=== Supplied material ===

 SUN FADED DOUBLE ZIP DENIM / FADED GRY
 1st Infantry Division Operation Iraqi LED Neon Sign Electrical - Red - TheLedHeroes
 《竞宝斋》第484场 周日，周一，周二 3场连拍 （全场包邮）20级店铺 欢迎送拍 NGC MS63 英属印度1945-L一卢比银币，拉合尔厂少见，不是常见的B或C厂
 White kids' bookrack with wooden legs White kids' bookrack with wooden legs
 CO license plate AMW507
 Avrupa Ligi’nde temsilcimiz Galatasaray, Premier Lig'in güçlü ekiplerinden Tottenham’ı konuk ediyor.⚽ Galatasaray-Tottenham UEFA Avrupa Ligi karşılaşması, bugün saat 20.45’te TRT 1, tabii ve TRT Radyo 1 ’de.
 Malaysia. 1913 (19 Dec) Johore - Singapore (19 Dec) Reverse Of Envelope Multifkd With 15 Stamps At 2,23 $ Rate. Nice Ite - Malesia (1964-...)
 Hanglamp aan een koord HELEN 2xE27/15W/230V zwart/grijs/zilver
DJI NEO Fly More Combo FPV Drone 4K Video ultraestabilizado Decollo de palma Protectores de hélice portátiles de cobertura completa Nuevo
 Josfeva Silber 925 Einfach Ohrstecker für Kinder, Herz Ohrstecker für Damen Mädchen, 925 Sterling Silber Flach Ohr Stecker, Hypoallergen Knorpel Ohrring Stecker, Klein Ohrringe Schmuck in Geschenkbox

...

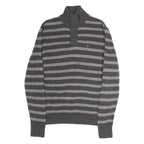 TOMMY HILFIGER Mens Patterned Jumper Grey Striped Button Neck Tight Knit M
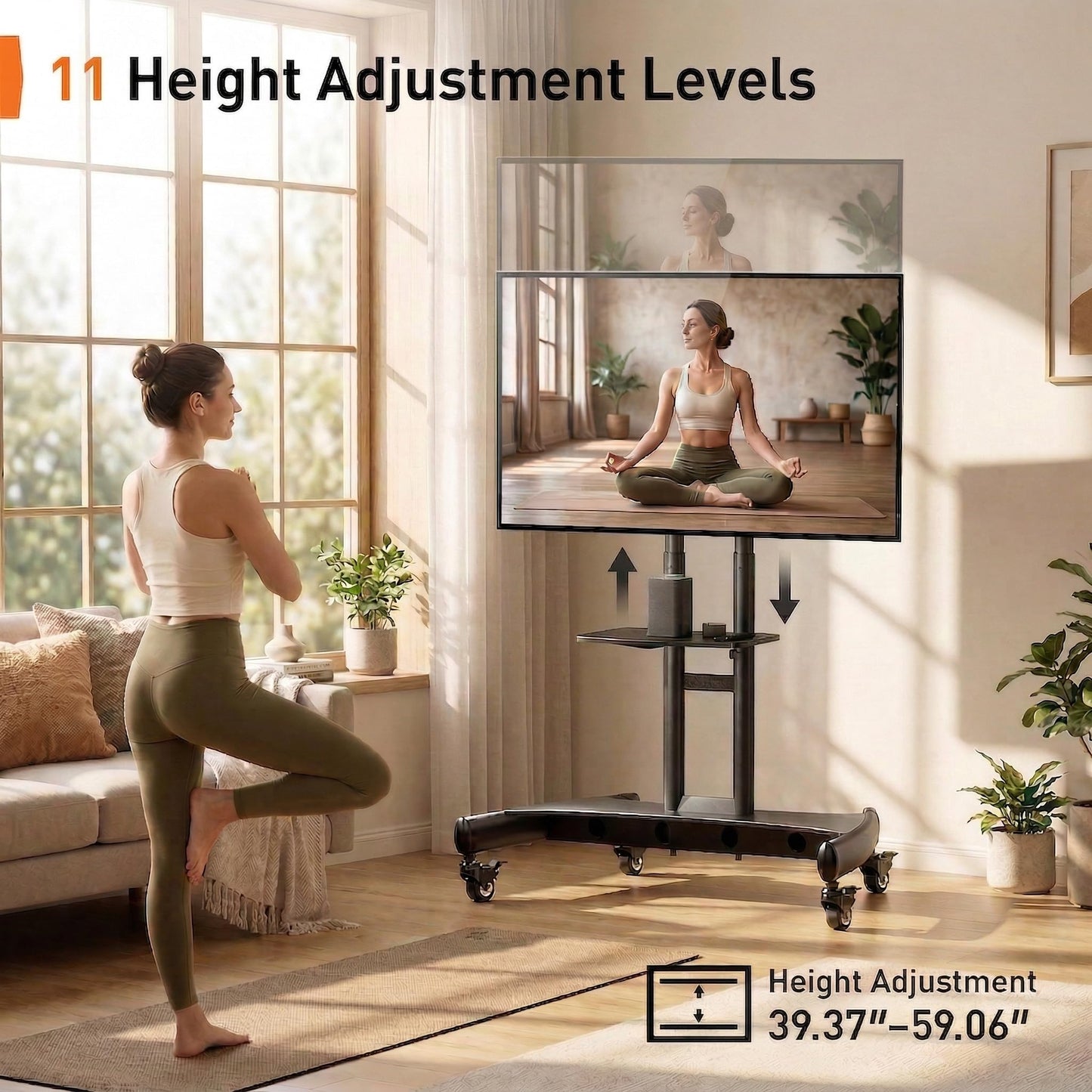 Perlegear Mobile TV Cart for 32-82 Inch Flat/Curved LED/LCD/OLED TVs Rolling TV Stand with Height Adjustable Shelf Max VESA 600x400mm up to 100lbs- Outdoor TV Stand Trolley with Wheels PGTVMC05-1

=== Work item ===
Above are some records; copy exactly the lines from the one with "CO license plate AMW507" through the one with "Josfeva Silber 925", both included, and no others.

=== Solution below ===
 CO license plate AMW507
 Avrupa Ligi’nde temsilcimiz Galatasaray, Premier Lig'in güçlü ekiplerinden Tottenham’ı konuk ediyor.⚽ Galatasaray-Tottenham UEFA Avrupa Ligi karşılaşması, bugün saat 20.45’te TRT 1, tabii ve TRT Radyo 1 ’de.
 Malaysia. 1913 (19 Dec) Johore - Singapore (19 Dec) Reverse Of Envelope Multifkd With 15 Stamps At 2,23 $ Rate. Nice Ite - Malesia (1964-...)
 Hanglamp aan een koord HELEN 2xE27/15W/230V zwart/grijs/zilver
DJI NEO Fly More Combo FPV Drone 4K Video ultraestabilizado Decollo de palma Protectores de hélice portátiles de cobertura completa Nuevo
 Josfeva Silber 925 Einfach Ohrstecker für Kinder, Herz Ohrstecker für Damen Mädchen, 925 Sterling Silber Flach Ohr Stecker, Hypoallergen Knorpel Ohrring Stecker, Klein Ohrringe Schmuck in Geschenkbox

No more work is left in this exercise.